Monday, October 24, 2016

Bruce Springsteen--"Into the Fire"

I’ve railed against abstraction in other songs--”Renegades,” for instance—but in listening to Bruce Springsteen’s “Into the Fire” recently, I have also been thinking about when it works.

After all, abstraction is not automatically a bad thing, its just that works of art are traditionally all about concreteness (although the 20th century certainly explored the exceptions to this tradition, though often in terms of sensory abstraction or purity), so it often feels like a cheap betrayal of what art can be when, instead of something specific, all we get are bland and vague generalities.

On the face of it, the chorus of “Into the Fire” is largely a string of abstractions:

“May your strength give us strength,
May your faith give us faith,
May your hope give us hope,
May your love give us love.”

Not only are those abstractions repeated within the line (“strength...strength,” etc.), but they are repeated continuously throughout the song. But even though strength, faith, hope, and love are some of the most potentially vague and empty and overused terms, they don’t feel like it here. There are at least two reasons for this.

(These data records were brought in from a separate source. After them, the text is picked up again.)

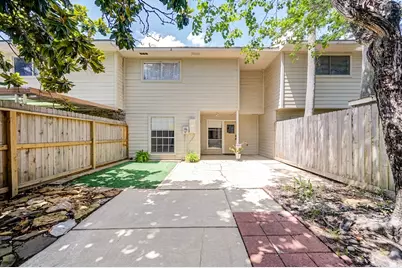 7965 Kendalia Drive, Houston, TX 77036 - Photo 21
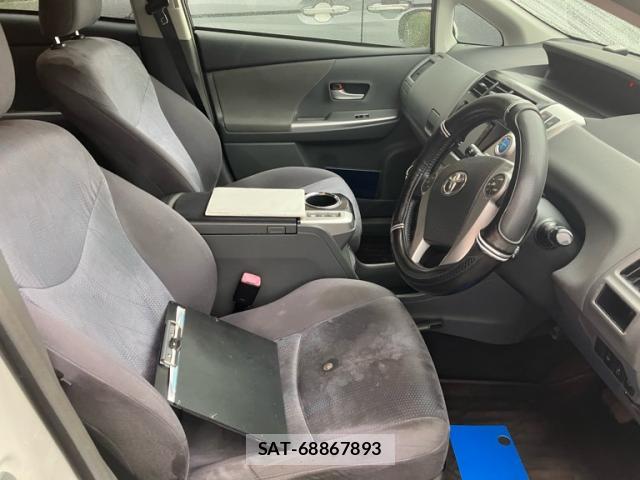 Toyota PRIUS ALPHA 2012-03 8769173-14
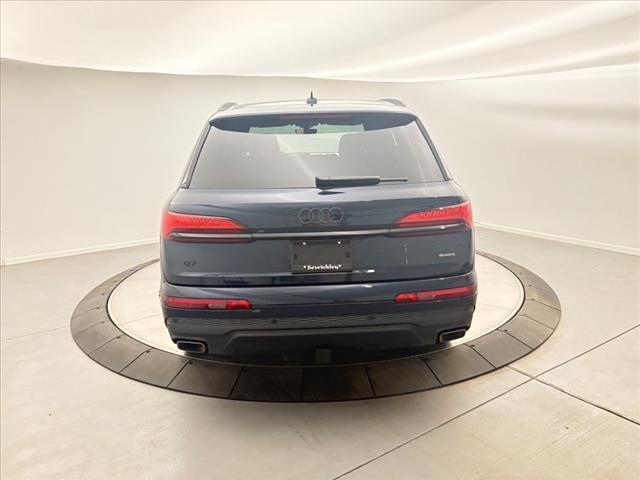 new 2025 Audi Q7 car, priced at $77,750
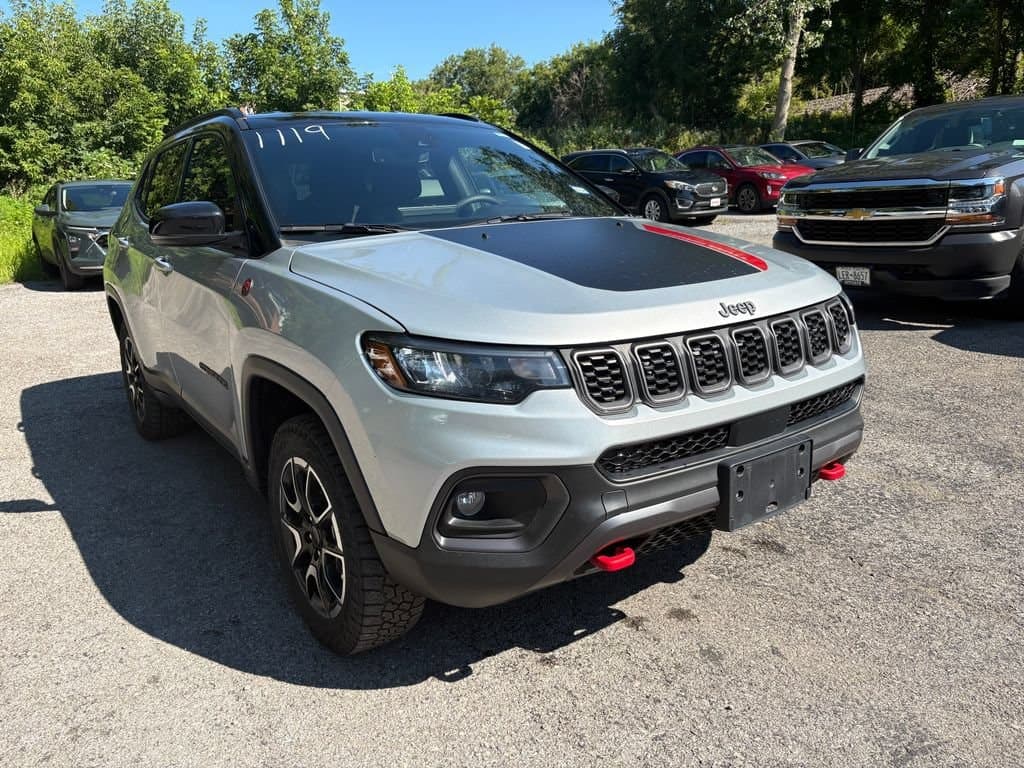 2025 Jeep Compass Trailhawk — photo 1 of 39
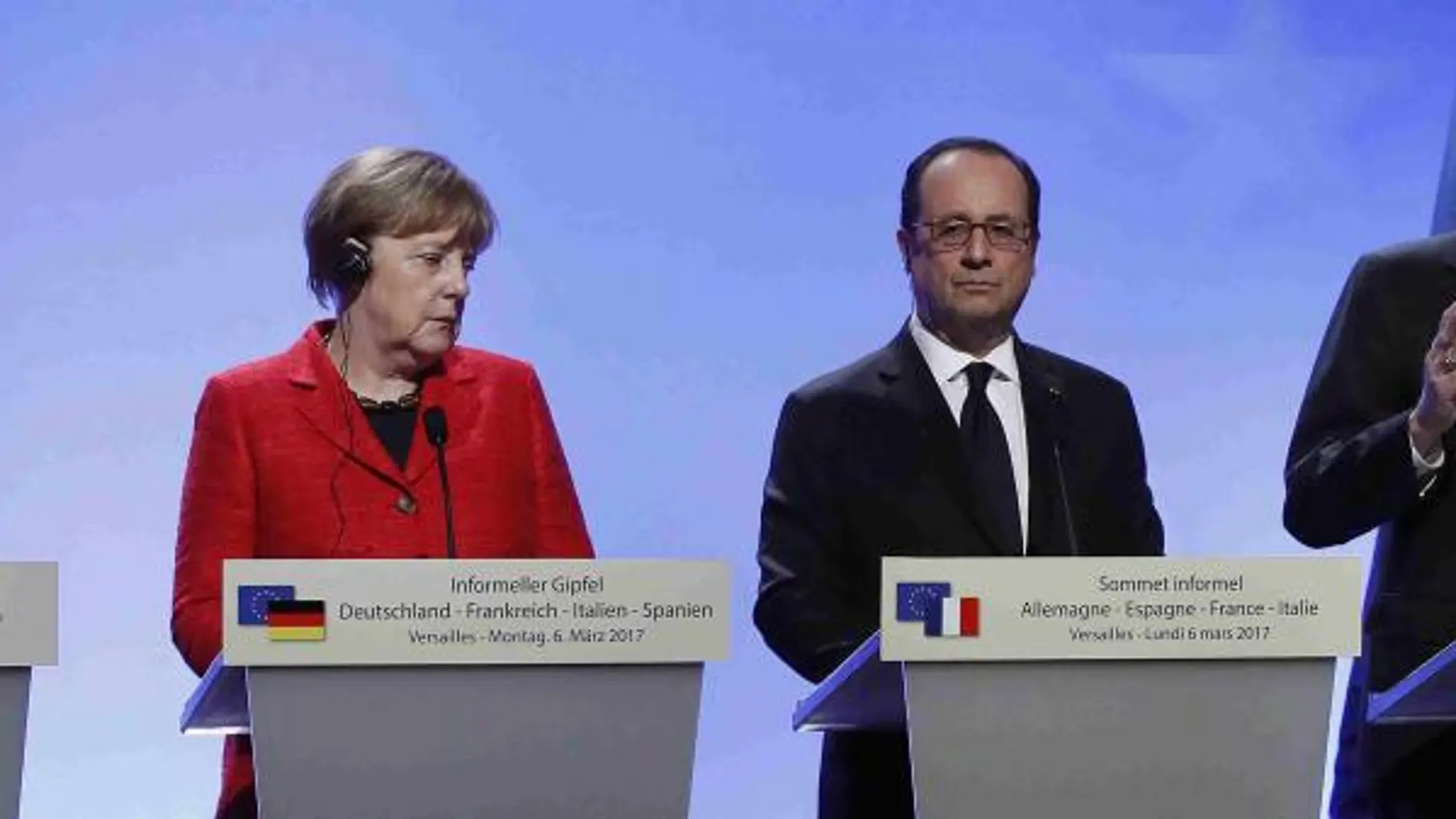 El presidente de Francia, François Hollande (2i); la canciller alemana, Angela Merkel; el presidente del Gobierno, Mariano Rajoy (2d), y el primer ministro italiano, Paolo Gentiloni (i), a su llegada a la cumbre a cuatro celebrada hoy en el Palacio de Versalles, en Francia.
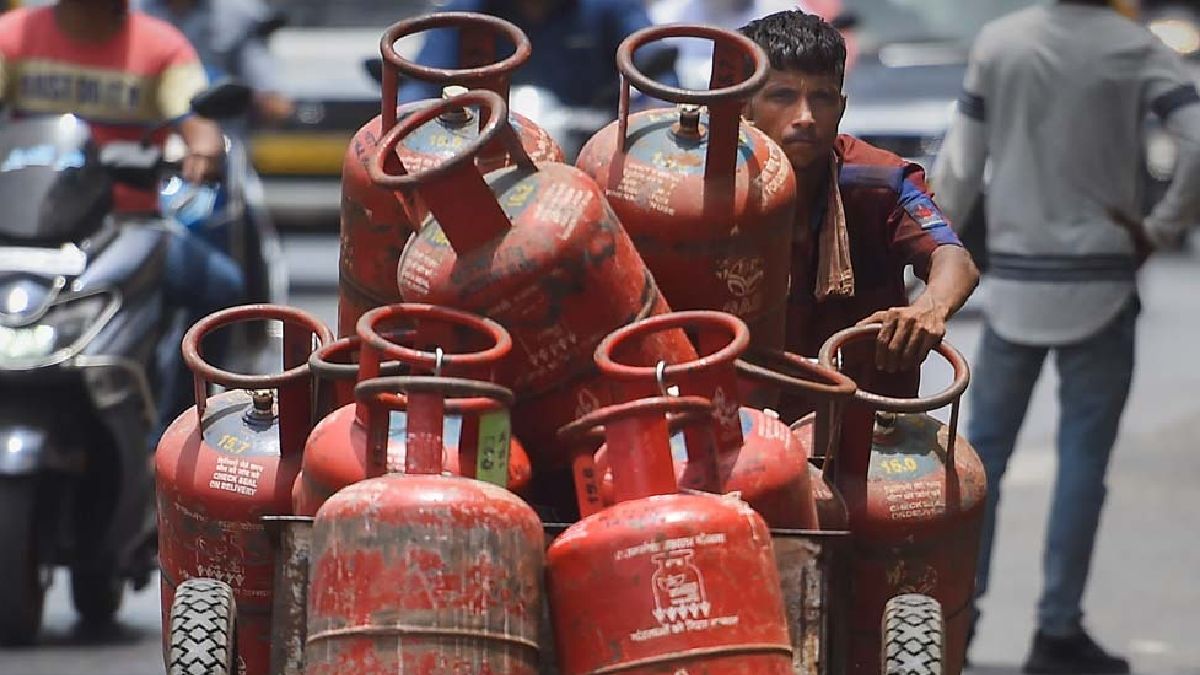 Govt Plans 10 Kg LPG Cylinders to Address Supply Shortage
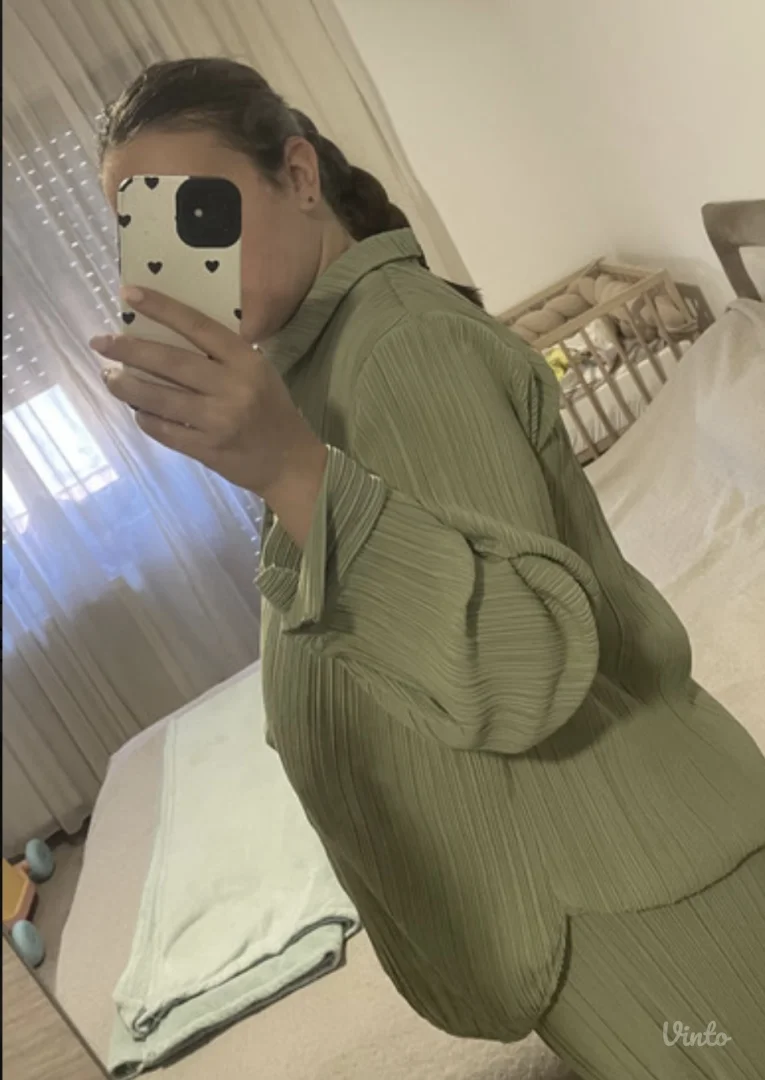 H&M plisirani komplet za trudnice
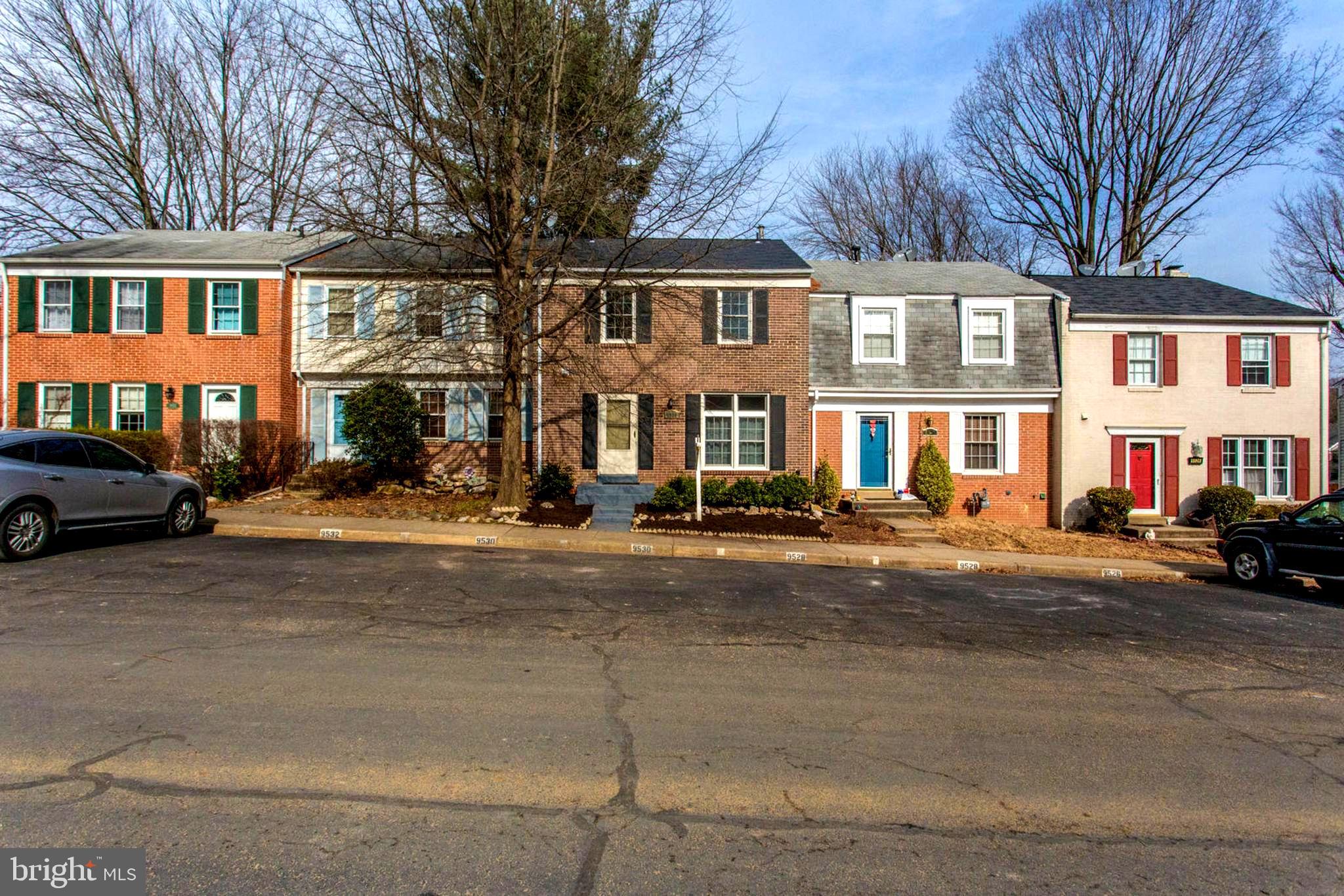 9530 Burdett Road Burke, VA 22015 - Photo 4 of 31 Community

The first reason is that they have a very particular context in this song. “Into the Fire” comes from Springsteen’s album The Rising, which was written as a response to the terrorist attacks of 9/11, which the very first lines of the song evoke:

"The sky was falling and streaked with blood
I heard you calling me, then you disappeared into the dust
Up the stairs, into the fire
Up the stairs, into the fire
I need your kiss, but love and duty called you someplace higher
Somewhere up the stairs,
Into the fire"

The falling sky, the fire, blood, and dust are all images of the devastation of 9/11, and the lines “Up the stairs, into the fire,” refer to the actions of the emergency personnel, particularly the firefighters, who went towards the danger—up the stairs, into the fire—while everyone else was fleeing it. The person this song is directed to, the “you” whose strength, etc., is being called upon, is one of these firefighters, so that context already helps to fill out the meaning of these otherwise abstract terms. The different verses of the song all emphasize prioritizing self-sacrifice for the greater good over choosing a good rooted in self-interest (“I need your kiss, but love and duty called you someplace higher”). The ascent up the stairs is thus also an ascent towards higher forms of these virtues than their everyday versions.

And this brings me to the second reason why Springsteen’s invocation of them is not merely abstract. Looking at the form of the appeal to these virtues (“May your strength give us strength”), the “May your..” construction as well as their almost ritualistic repetition (complete with a choir’s worth of backup singers by the end of the song), makes their invocation more of a prayer or an appeal than anything. What this means is that instead of using abstract terms like love as a shortcut or a placeholder, this song is actually a call to fill them with emotional content. To a certain extent the subject matter of the song does this, and in another way so performative nature of these lines—by calling out for strength, so the idea goes, we gain strength.